GIVEN INFORMATION section start

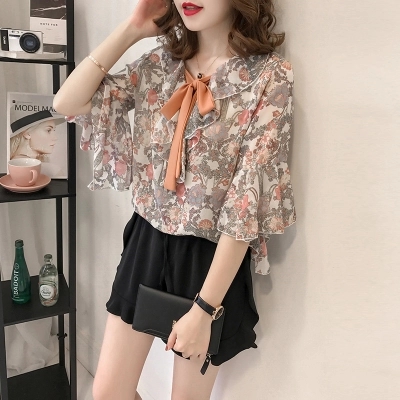 Xiaxin small fresh Floral Chiffon shirt lace bowknot women's 7 / 6 Sleeve Ruffle Top Bottom shirt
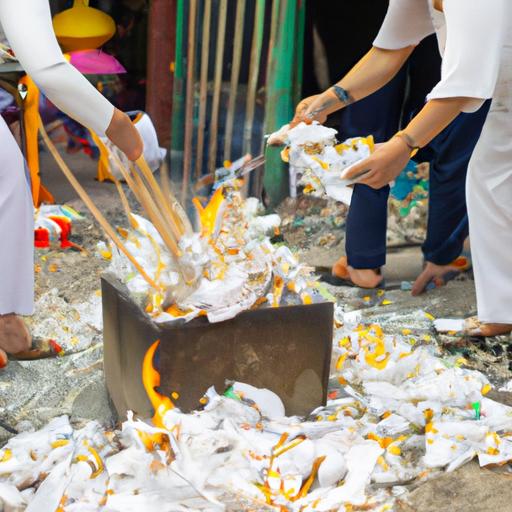 Đám đông người đang đốt giấy Linh Đan tại đền chùa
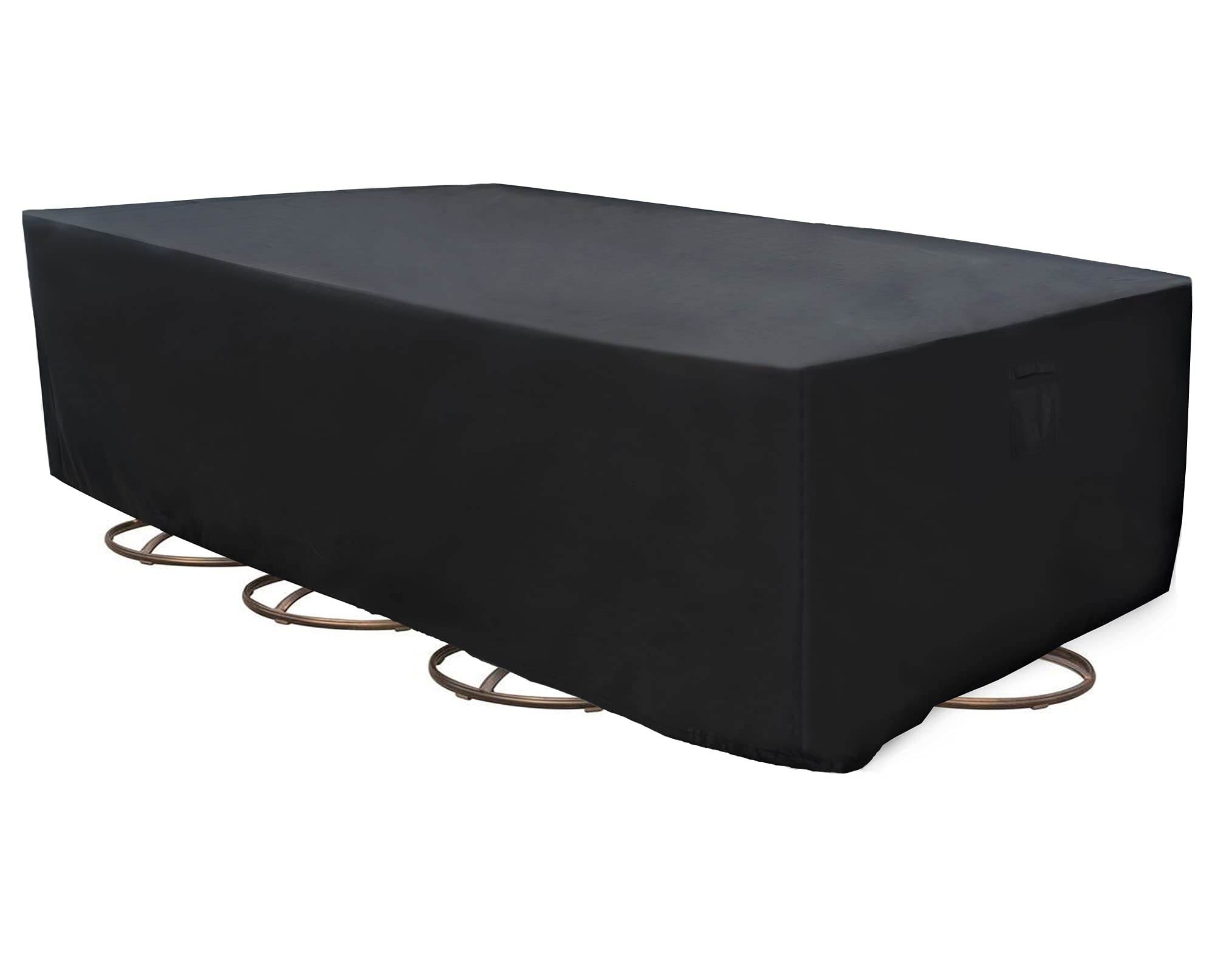 SERHOM 48x48 Inch Waterproof UV Resistant Outdoor Patio Table Cover - Heavy Duty Square & Round Furniture Protector for Small Tables - All Weather Use for Backyard, Deck, Garden (Black)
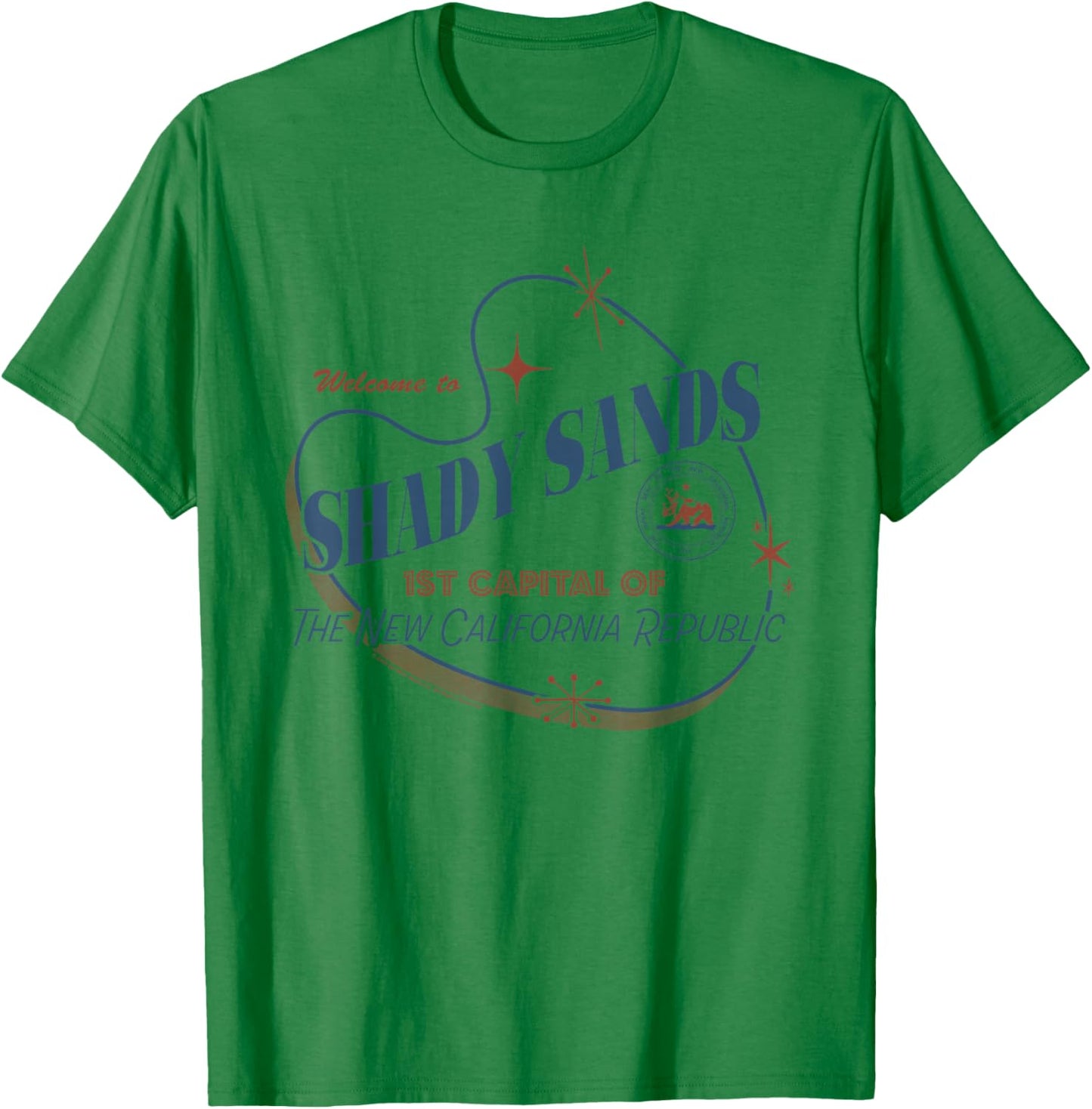 Fallout Welcome to Shady Sands Retro Republic Video Game T-Shirt - T-Shirt | Irish Green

GIVEN INFORMATION section end

## EXERCISE BRIEF
The listing should be transcribed in full, exactly, and without its pictures.

## SOLUTION
 Xiaxin small fresh Floral Chiffon shirt lace bowknot women's 7 / 6 Sleeve Ruffle Top Bottom shirt
 Đám đông người đang đốt giấy Linh Đan tại đền chùa
 SERHOM 48x48 Inch Waterproof UV Resistant Outdoor Patio Table Cover - Heavy Duty Square & Round Furniture Protector for Small Tables - All Weather Use for Backyard, Deck, Garden (Black)
 Fallout Welcome to Shady Sands Retro Republic Video Game T-Shirt - T-Shirt | Irish Green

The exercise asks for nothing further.